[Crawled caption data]
▶

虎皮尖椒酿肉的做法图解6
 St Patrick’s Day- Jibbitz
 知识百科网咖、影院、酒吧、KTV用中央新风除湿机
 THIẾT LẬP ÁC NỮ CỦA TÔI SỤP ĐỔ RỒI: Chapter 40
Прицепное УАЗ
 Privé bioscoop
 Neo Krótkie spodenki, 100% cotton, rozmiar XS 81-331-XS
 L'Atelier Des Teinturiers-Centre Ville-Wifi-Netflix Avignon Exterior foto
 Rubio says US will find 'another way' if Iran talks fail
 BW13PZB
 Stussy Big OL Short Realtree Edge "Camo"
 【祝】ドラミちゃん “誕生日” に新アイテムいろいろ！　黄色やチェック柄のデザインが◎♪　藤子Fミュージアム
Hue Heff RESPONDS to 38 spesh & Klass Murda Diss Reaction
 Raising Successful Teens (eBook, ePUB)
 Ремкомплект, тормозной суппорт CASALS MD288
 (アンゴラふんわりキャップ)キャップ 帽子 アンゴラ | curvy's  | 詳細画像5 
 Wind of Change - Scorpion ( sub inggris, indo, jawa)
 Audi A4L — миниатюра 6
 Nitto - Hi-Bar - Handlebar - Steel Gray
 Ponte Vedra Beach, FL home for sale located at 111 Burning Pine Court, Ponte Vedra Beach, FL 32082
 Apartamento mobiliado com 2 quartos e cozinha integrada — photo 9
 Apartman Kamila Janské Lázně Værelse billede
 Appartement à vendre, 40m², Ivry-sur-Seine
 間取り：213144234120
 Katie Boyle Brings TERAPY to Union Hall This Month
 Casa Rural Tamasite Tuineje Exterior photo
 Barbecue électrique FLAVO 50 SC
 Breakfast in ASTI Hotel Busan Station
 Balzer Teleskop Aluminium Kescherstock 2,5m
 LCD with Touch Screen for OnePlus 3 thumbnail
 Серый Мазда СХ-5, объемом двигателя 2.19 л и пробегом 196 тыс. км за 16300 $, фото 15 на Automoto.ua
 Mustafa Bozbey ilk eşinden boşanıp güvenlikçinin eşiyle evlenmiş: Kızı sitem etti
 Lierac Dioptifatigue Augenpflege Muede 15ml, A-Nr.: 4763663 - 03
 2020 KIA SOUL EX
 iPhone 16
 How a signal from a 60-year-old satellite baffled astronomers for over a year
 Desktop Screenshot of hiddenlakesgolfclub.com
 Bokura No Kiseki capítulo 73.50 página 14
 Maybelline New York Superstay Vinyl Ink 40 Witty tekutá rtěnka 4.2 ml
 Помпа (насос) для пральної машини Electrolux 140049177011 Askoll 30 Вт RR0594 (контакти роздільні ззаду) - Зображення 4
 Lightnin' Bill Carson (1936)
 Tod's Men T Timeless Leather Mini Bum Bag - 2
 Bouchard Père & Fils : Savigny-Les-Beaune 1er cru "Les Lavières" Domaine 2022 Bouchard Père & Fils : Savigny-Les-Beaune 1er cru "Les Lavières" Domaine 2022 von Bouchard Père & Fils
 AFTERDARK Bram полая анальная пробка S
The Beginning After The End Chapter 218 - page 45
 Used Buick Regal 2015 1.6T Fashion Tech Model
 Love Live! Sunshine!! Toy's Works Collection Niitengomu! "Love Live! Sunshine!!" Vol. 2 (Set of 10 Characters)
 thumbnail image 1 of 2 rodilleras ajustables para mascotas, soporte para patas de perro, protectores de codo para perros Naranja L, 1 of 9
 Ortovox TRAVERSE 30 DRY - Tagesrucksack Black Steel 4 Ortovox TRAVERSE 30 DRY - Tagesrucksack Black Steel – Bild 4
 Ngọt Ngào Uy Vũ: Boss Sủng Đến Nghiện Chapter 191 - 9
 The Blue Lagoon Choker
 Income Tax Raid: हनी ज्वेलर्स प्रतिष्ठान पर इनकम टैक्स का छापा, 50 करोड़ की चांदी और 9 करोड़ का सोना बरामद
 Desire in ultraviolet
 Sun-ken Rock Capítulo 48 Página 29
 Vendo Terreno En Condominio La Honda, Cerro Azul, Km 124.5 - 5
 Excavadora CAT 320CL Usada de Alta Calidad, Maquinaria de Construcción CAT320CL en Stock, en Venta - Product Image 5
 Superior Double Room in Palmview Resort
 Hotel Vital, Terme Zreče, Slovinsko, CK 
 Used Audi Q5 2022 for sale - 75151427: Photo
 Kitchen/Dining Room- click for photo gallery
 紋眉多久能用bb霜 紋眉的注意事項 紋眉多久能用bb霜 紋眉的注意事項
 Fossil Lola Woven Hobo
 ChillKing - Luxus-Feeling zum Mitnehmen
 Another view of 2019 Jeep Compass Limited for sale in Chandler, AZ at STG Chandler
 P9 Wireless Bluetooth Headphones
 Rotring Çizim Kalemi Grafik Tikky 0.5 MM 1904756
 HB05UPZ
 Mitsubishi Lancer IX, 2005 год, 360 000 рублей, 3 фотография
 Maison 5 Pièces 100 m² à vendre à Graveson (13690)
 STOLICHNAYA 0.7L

◀

▸ TASK DESCRIPTION
Once you find the line containing "Used Buick Regal", stop: reproduce exactly that line and every line of the data before it, and nothing else.

▸ TASK RESPONSE
虎皮尖椒酿肉的做法图解6
 St Patrick’s Day- Jibbitz
 知识百科网咖、影院、酒吧、KTV用中央新风除湿机
 THIẾT LẬP ÁC NỮ CỦA TÔI SỤP ĐỔ RỒI: Chapter 40
Прицепное УАЗ
 Privé bioscoop
 Neo Krótkie spodenki, 100% cotton, rozmiar XS 81-331-XS
 L'Atelier Des Teinturiers-Centre Ville-Wifi-Netflix Avignon Exterior foto
 Rubio says US will find 'another way' if Iran talks fail
 BW13PZB
 Stussy Big OL Short Realtree Edge "Camo"
 【祝】ドラミちゃん “誕生日” に新アイテムいろいろ！　黄色やチェック柄のデザインが◎♪　藤子Fミュージアム
Hue Heff RESPONDS to 38 spesh & Klass Murda Diss Reaction
 Raising Successful Teens (eBook, ePUB)
 Ремкомплект, тормозной суппорт CASALS MD288
 (アンゴラふんわりキャップ)キャップ 帽子 アンゴラ | curvy's  | 詳細画像5 
 Wind of Change - Scorpion ( sub inggris, indo, jawa)
 Audi A4L — миниатюра 6
 Nitto - Hi-Bar - Handlebar - Steel Gray
 Ponte Vedra Beach, FL home for sale located at 111 Burning Pine Court, Ponte Vedra Beach, FL 32082
 Apartamento mobiliado com 2 quartos e cozinha integrada — photo 9
 Apartman Kamila Janské Lázně Værelse billede
 Appartement à vendre, 40m², Ivry-sur-Seine
 間取り：213144234120
 Katie Boyle Brings TERAPY to Union Hall This Month
 Casa Rural Tamasite Tuineje Exterior photo
 Barbecue électrique FLAVO 50 SC
 Breakfast in ASTI Hotel Busan Station
 Balzer Teleskop Aluminium Kescherstock 2,5m
 LCD with Touch Screen for OnePlus 3 thumbnail
 Серый Мазда СХ-5, объемом двигателя 2.19 л и пробегом 196 тыс. км за 16300 $, фото 15 на Automoto.ua
 Mustafa Bozbey ilk eşinden boşanıp güvenlikçinin eşiyle evlenmiş: Kızı sitem etti
 Lierac Dioptifatigue Augenpflege Muede 15ml, A-Nr.: 4763663 - 03
 2020 KIA SOUL EX
 iPhone 16
 How a signal from a 60-year-old satellite baffled astronomers for over a year
 Desktop Screenshot of hiddenlakesgolfclub.com
 Bokura No Kiseki capítulo 73.50 página 14
 Maybelline New York Superstay Vinyl Ink 40 Witty tekutá rtěnka 4.2 ml
 Помпа (насос) для пральної машини Electrolux 140049177011 Askoll 30 Вт RR0594 (контакти роздільні ззаду) - Зображення 4
 Lightnin' Bill Carson (1936)
 Tod's Men T Timeless Leather Mini Bum Bag - 2
 Bouchard Père & Fils : Savigny-Les-Beaune 1er cru "Les Lavières" Domaine 2022 Bouchard Père & Fils : Savigny-Les-Beaune 1er cru "Les Lavières" Domaine 2022 von Bouchard Père & Fils
 AFTERDARK Bram полая анальная пробка S
The Beginning After The End Chapter 218 - page 45
 Used Buick Regal 2015 1.6T Fashion Tech Model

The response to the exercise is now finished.